By habit, once a decision is made, a brain will continue cooking up more reasons why this action was valid.
"Should I wait for an opening in traffic and turn left or turn right now and come back this direction later?"
You decide to turn right. As it is, you see a friend driving his car and you both wave, thinking, "awesome, it's Matt! I love that guy. I'm glad I went this way." Soon thereafter, you see a dog crossing the road and slow down to let it cross, thinking, "someone else would have hit this dog! Good thing I turned right!"
Turning right had nothing to do with either of these events, unless Matt tends to frequent a particular strip of road where dogs like to cross.
By habit, your thought process works to justify its former decisions. Could you have possibly known these things earlier?

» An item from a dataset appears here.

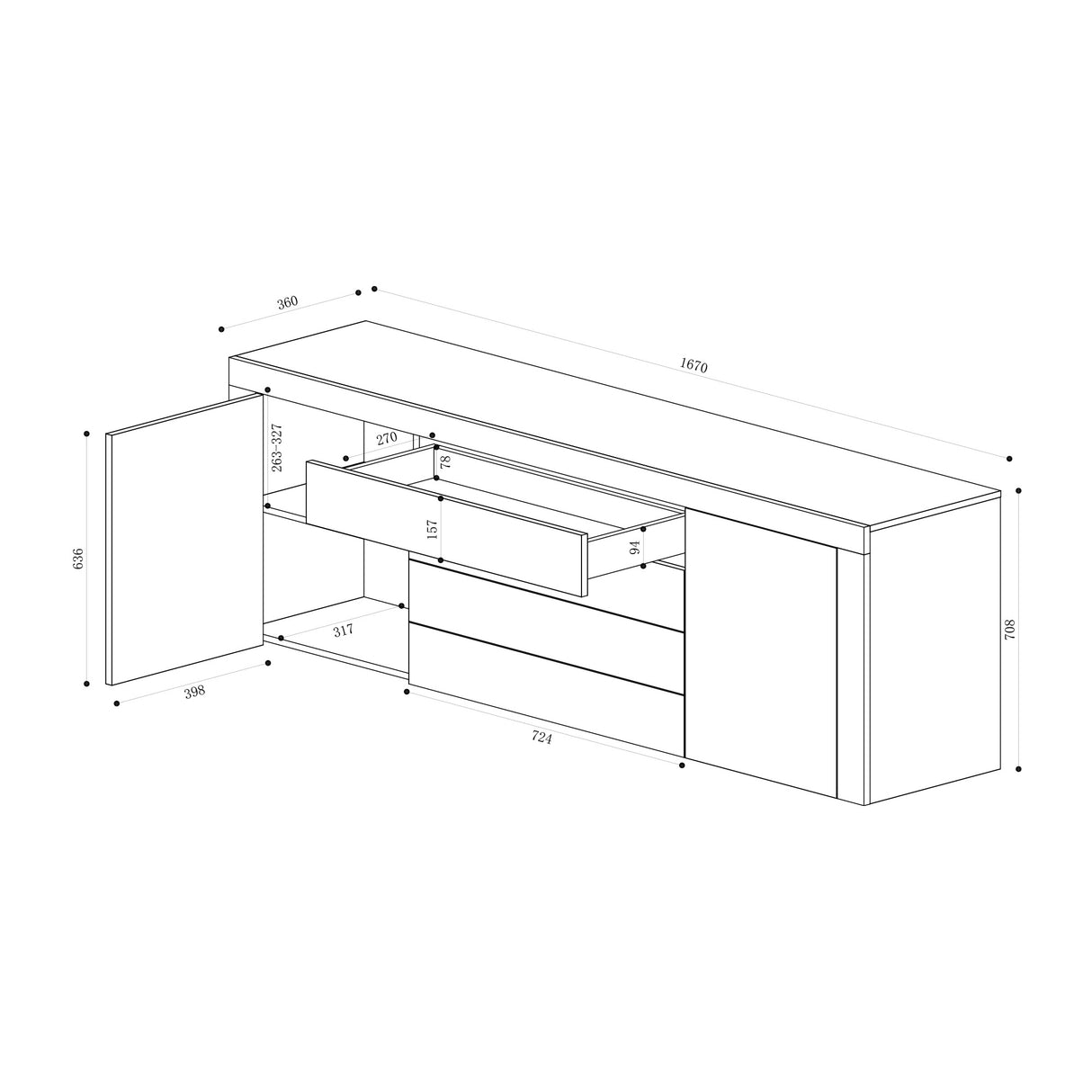 Buffet de rangement Glasvilla LTH : 167x36x70 cm avec 2 armoires et 4 tiroirs commode armoire polyvalente meuble cabinet03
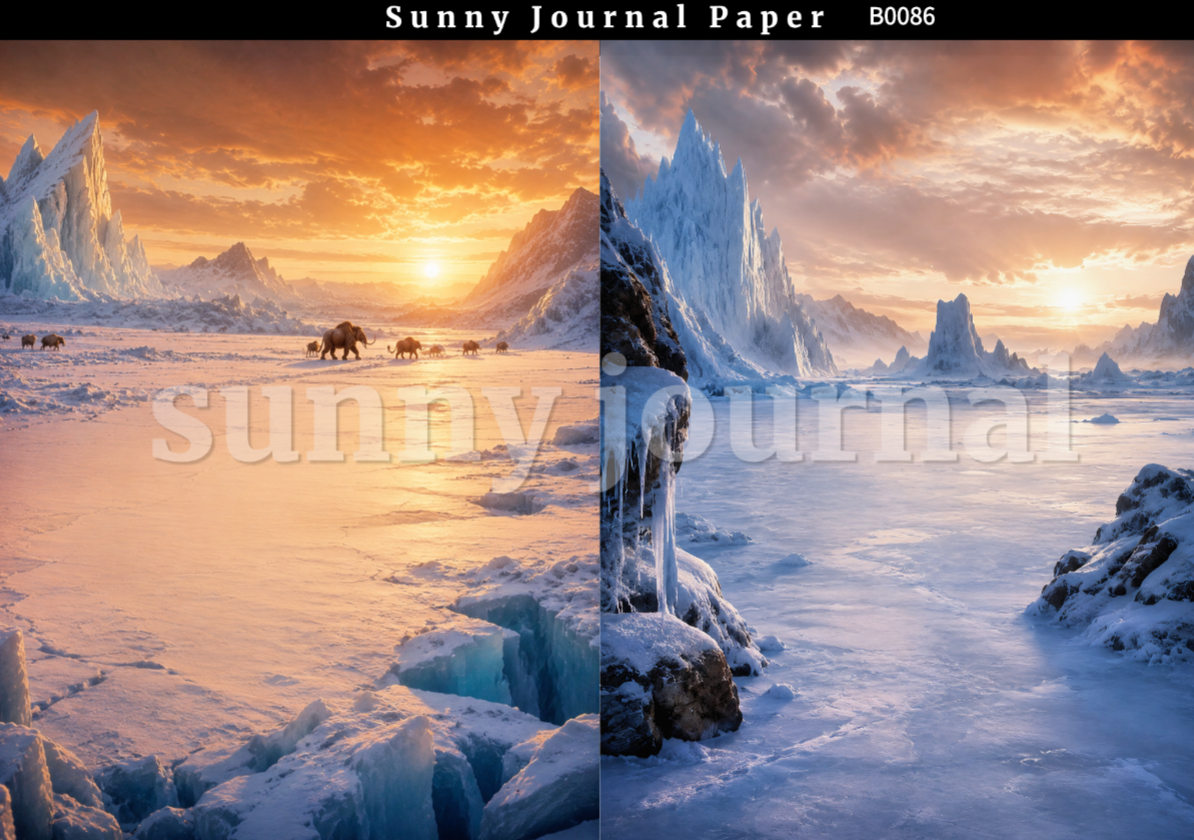 B0086-Ice Age Themed Background A5 paper 10pcs no repeat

No. Did they have anything to do with your decision-making process? No. Are you backwards-rationalizing? Yes.
So what? What's wrong with saying I did a good job?
You want to make good choices in life. A good choice is one made on all the available facts. If you turned left and wound up getting into an accident, you might think to yourself, "Damnit. I should have turned right. Why did I have to turn left? I usually turn right, there must be something wrong with me today."
Front-load your decision making process. Put that extra effort into making the right decision, then make it, and live freely with the consequences. You can spend five minutes justifying your decision to yourself after the fact, or you can spend five minutes doing whatever the you want to do.
Personally, I like looking out the window and watching the trees blow in the wind.